++++ Records to process ++++

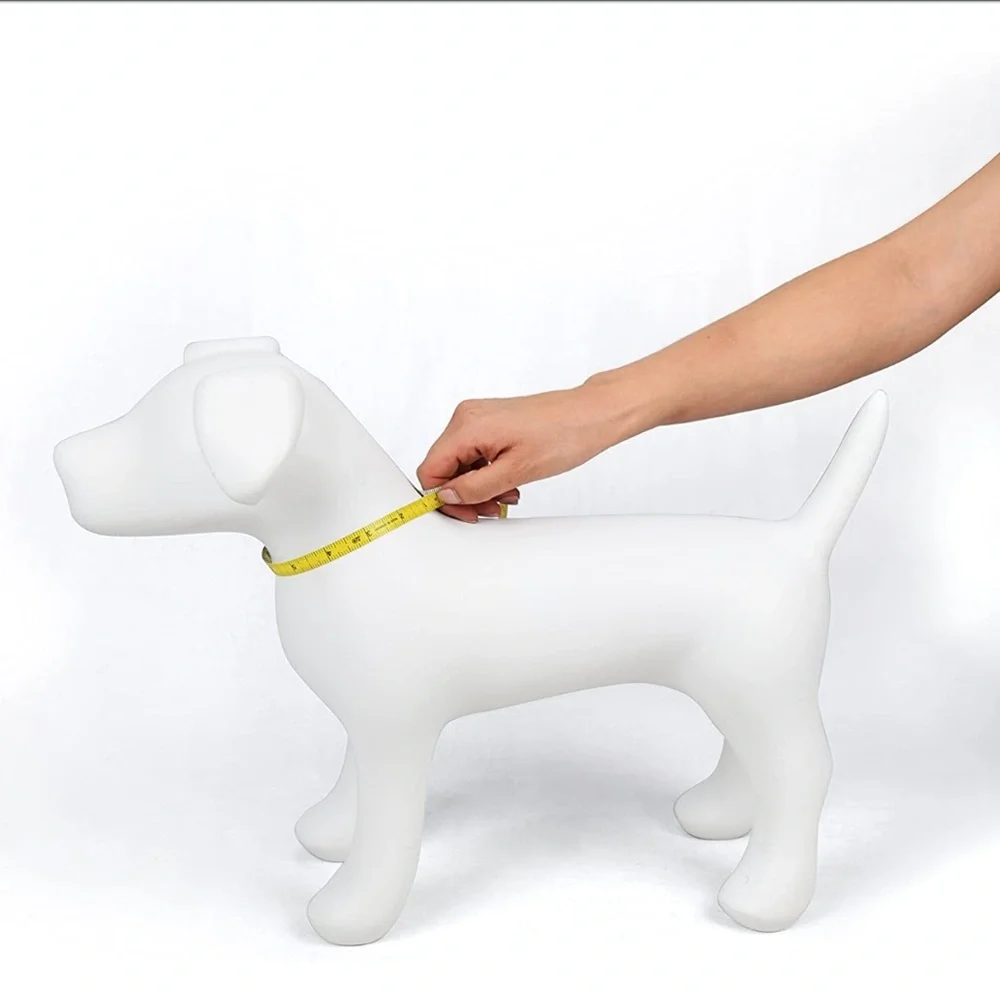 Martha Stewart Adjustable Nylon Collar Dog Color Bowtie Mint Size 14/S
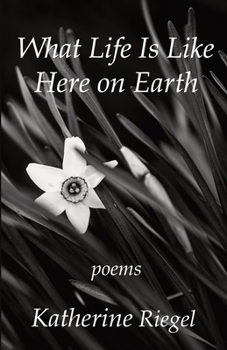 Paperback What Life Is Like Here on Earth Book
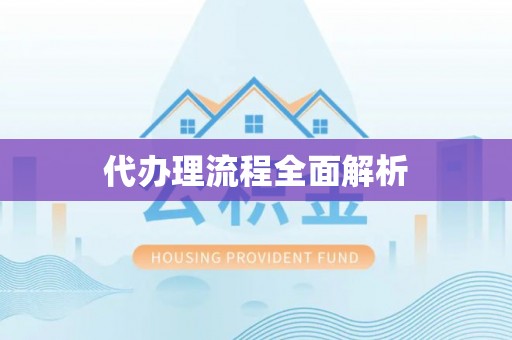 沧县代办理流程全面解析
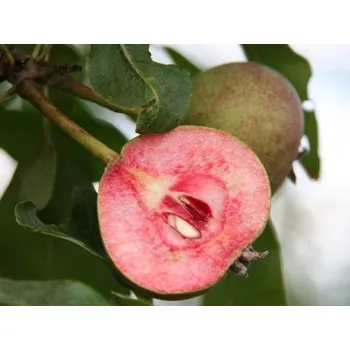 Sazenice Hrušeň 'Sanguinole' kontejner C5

++++
++++ Records to process ++++

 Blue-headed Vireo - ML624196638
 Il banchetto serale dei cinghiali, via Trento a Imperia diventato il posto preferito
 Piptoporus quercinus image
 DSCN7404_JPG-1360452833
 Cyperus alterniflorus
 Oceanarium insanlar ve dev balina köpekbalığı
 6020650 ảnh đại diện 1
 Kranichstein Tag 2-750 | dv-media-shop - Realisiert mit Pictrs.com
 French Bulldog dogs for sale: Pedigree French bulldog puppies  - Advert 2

++++

_Exercise aim:_ Once you find the line with "Il banchetto serale" above, print it and every line after it up to and including the line with "French Bulldog dogs", exactly as written and nothing else.

_Task result:_
 Il banchetto serale dei cinghiali, via Trento a Imperia diventato il posto preferito
 Piptoporus quercinus image
 DSCN7404_JPG-1360452833
 Cyperus alterniflorus
 Oceanarium insanlar ve dev balina köpekbalığı
 6020650 ảnh đại diện 1
 Kranichstein Tag 2-750 | dv-media-shop - Realisiert mit Pictrs.com
 French Bulldog dogs for sale: Pedigree French bulldog puppies  - Advert 2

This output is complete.